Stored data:

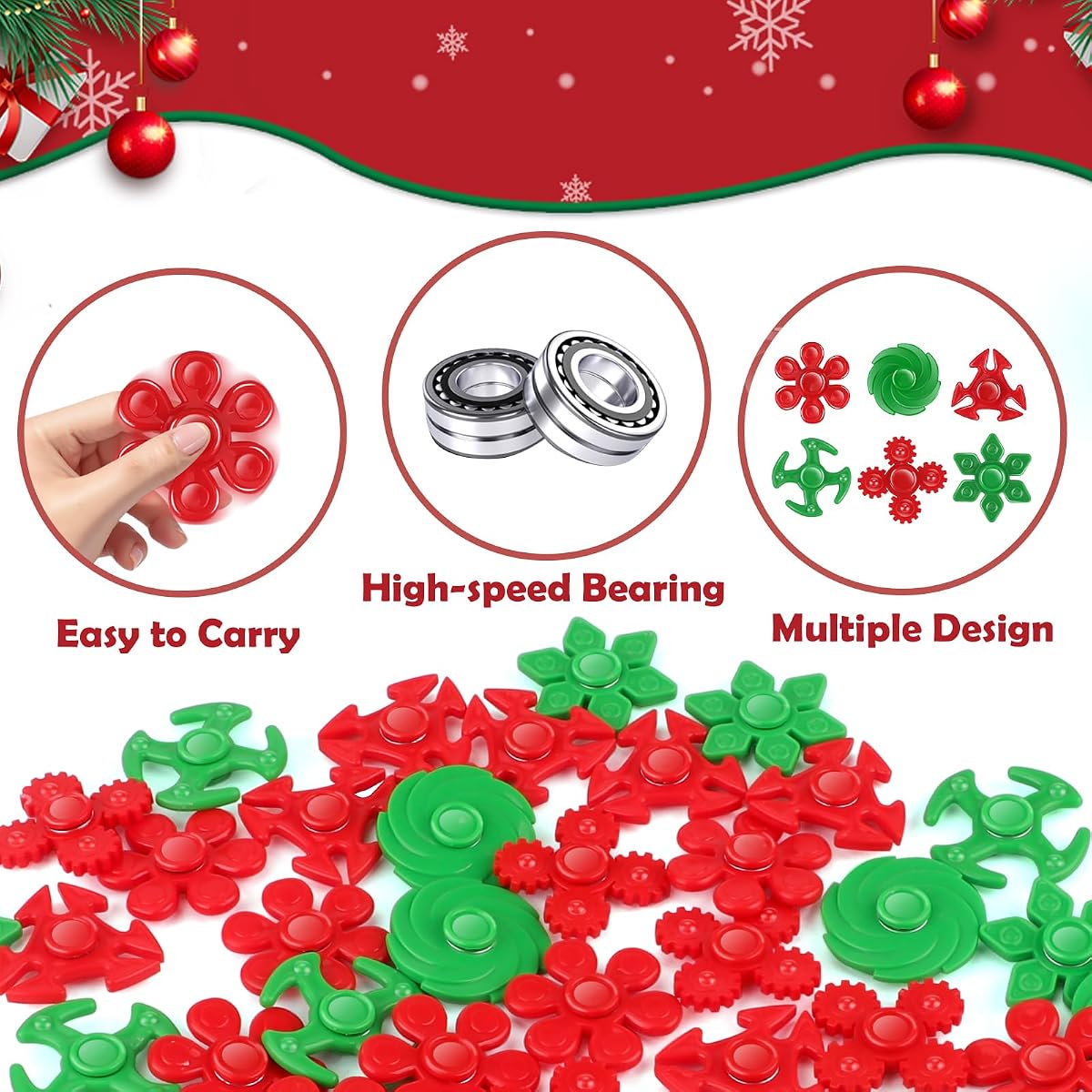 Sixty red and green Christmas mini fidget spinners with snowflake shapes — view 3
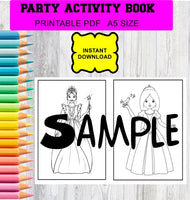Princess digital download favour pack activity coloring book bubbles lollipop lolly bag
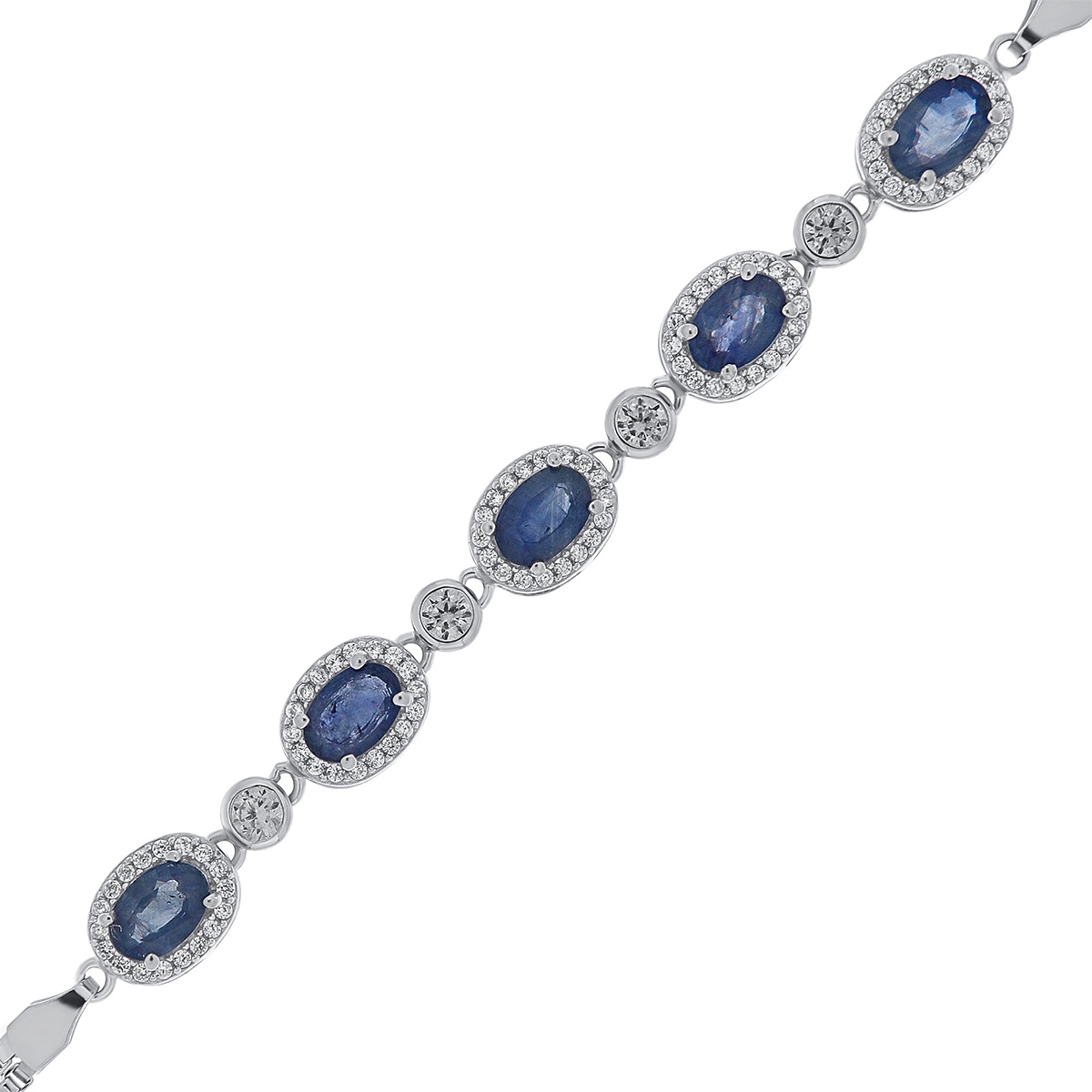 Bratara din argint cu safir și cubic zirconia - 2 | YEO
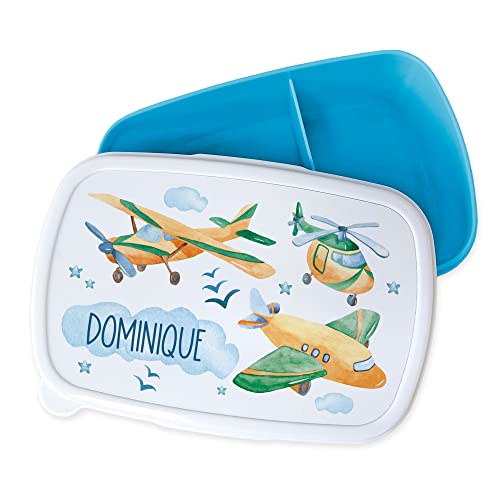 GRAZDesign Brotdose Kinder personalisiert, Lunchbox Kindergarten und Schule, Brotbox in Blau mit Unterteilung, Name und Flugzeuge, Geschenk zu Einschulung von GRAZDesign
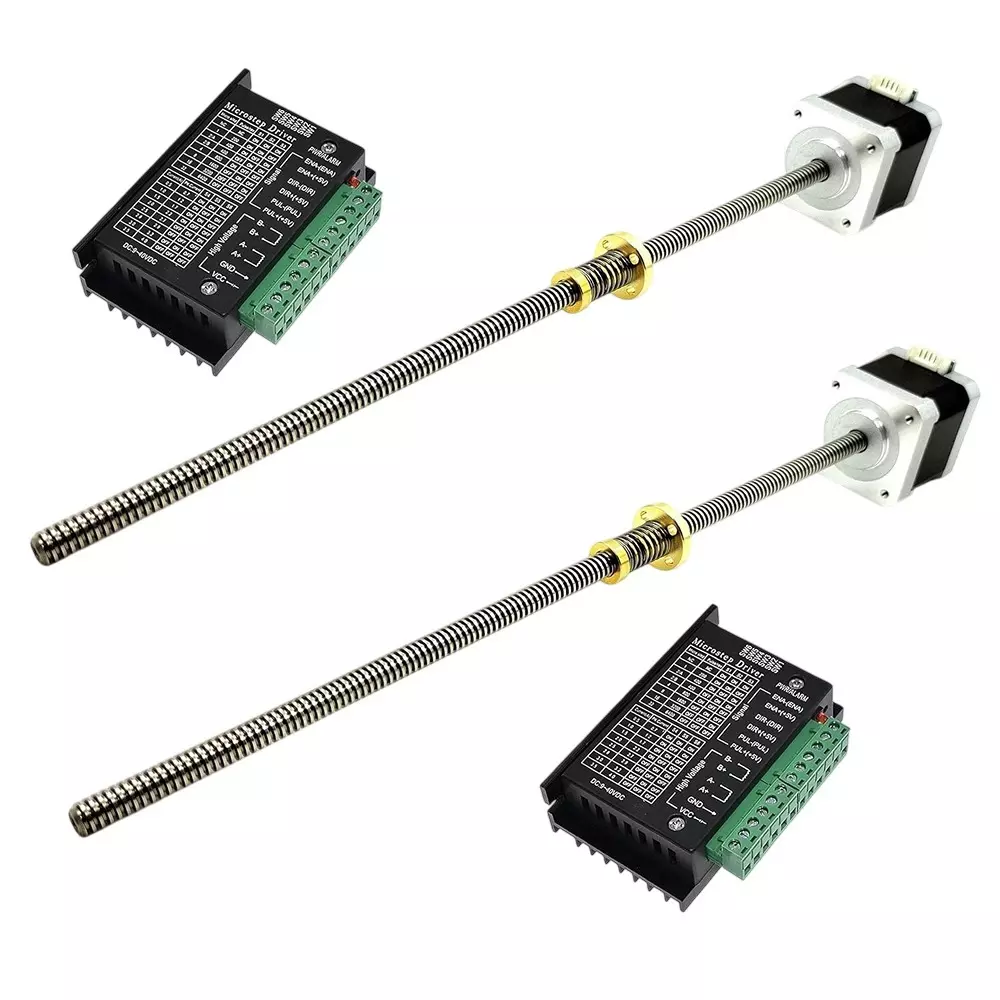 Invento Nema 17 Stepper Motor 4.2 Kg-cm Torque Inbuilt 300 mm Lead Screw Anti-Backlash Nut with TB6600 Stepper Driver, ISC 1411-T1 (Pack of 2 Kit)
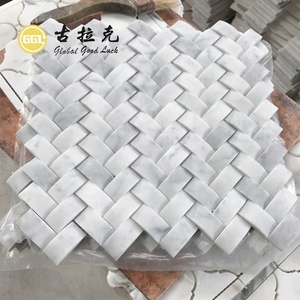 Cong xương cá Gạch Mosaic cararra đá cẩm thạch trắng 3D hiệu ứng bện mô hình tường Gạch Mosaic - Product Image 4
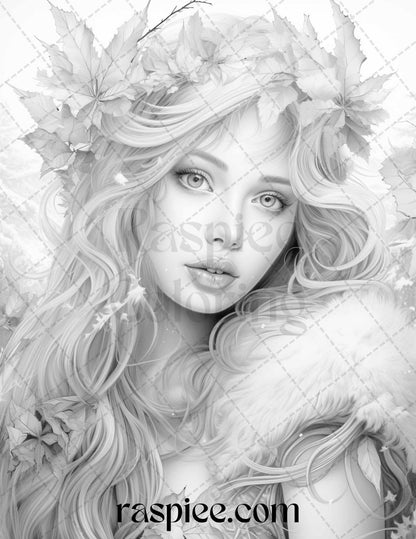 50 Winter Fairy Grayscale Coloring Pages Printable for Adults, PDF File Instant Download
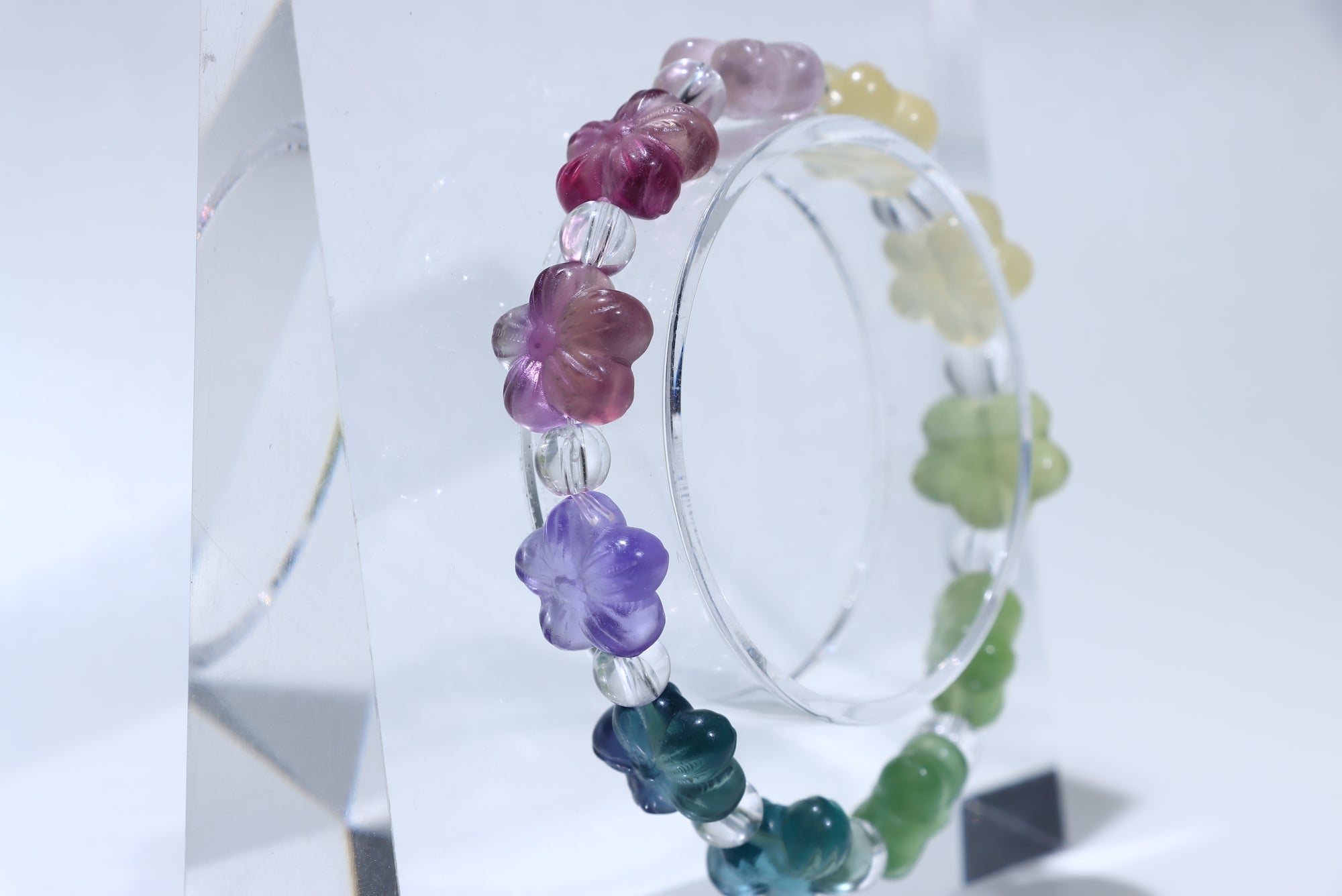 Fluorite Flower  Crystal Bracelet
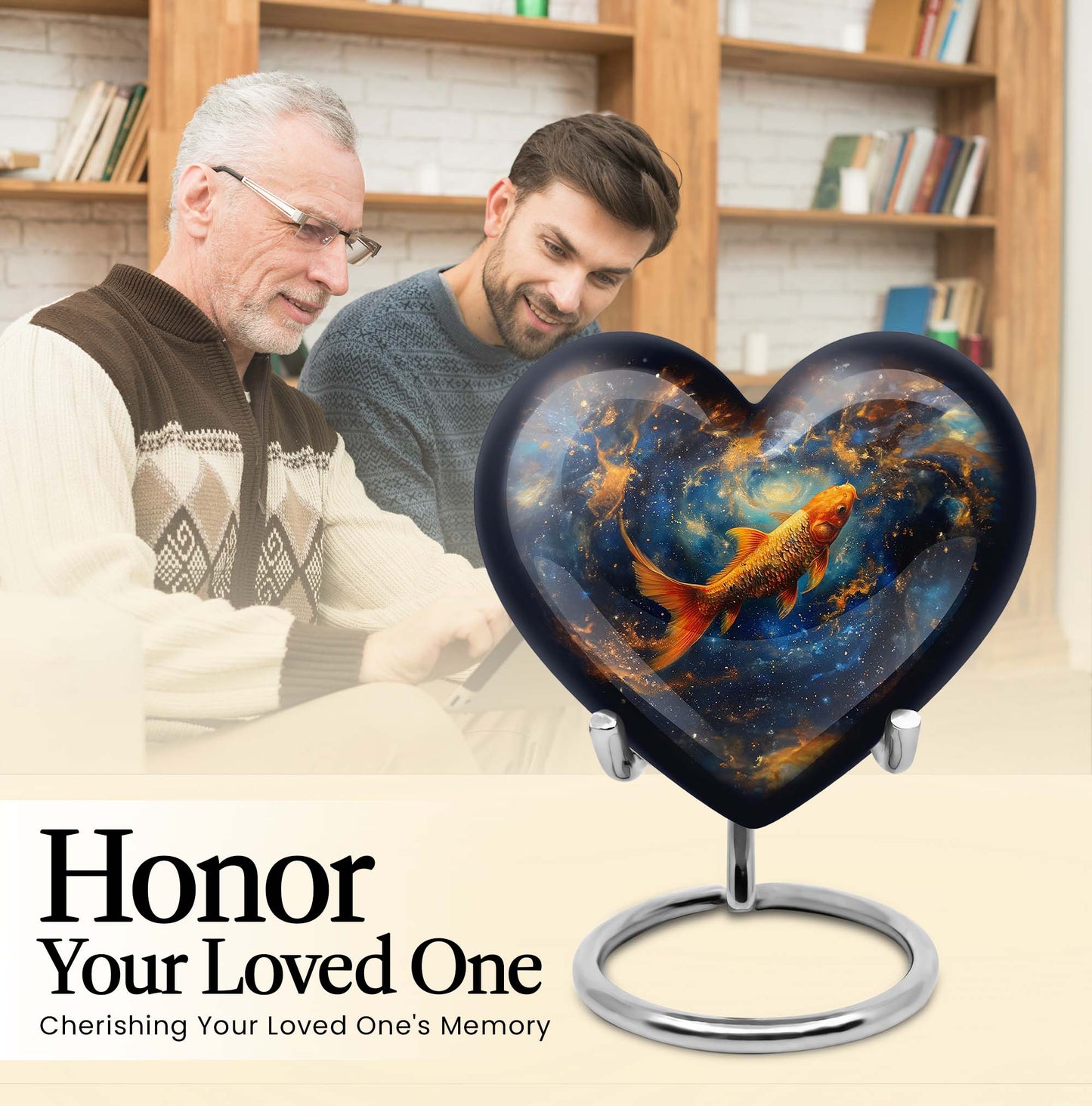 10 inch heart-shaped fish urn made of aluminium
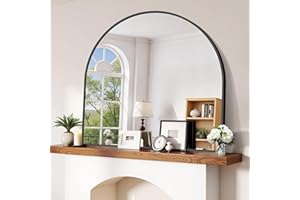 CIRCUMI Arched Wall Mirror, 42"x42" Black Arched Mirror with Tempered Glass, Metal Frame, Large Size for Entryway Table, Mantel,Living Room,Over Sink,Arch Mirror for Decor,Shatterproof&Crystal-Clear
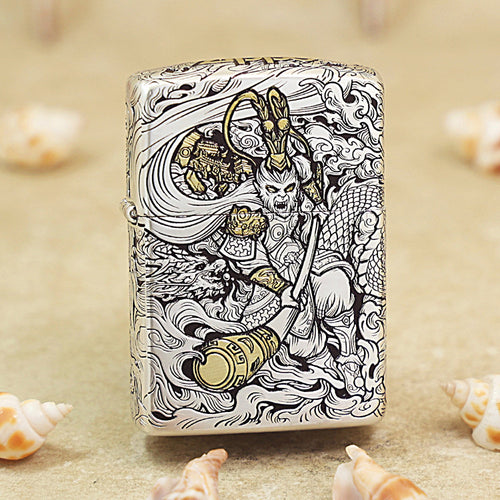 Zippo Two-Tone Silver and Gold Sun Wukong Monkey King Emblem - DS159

WHAT YOU NEED TO DO: Copy out the records exactly; the pictures stay behind.

RESULT OF THE EXERCISE:
 Sixty red and green Christmas mini fidget spinners with snowflake shapes — view 3
Princess digital download favour pack activity coloring book bubbles lollipop lolly bag
 Bratara din argint cu safir și cubic zirconia - 2 | YEO
 GRAZDesign Brotdose Kinder personalisiert, Lunchbox Kindergarten und Schule, Brotbox in Blau mit Unterteilung, Name und Flugzeuge, Geschenk zu Einschulung von GRAZDesign
 Invento Nema 17 Stepper Motor 4.2 Kg-cm Torque Inbuilt 300 mm Lead Screw Anti-Backlash Nut with TB6600 Stepper Driver, ISC 1411-T1 (Pack of 2 Kit)
 Cong xương cá Gạch Mosaic cararra đá cẩm thạch trắng 3D hiệu ứng bện mô hình tường Gạch Mosaic - Product Image 4
 50 Winter Fairy Grayscale Coloring Pages Printable for Adults, PDF File Instant Download
 Fluorite Flower  Crystal Bracelet
 10 inch heart-shaped fish urn made of aluminium
 CIRCUMI Arched Wall Mirror, 42"x42" Black Arched Mirror with Tempered Glass, Metal Frame, Large Size for Entryway Table, Mantel,Living Room,Over Sink,Arch Mirror for Decor,Shatterproof&Crystal-Clear
 Zippo Two-Tone Silver and Gold Sun Wukong Monkey King Emblem - DS159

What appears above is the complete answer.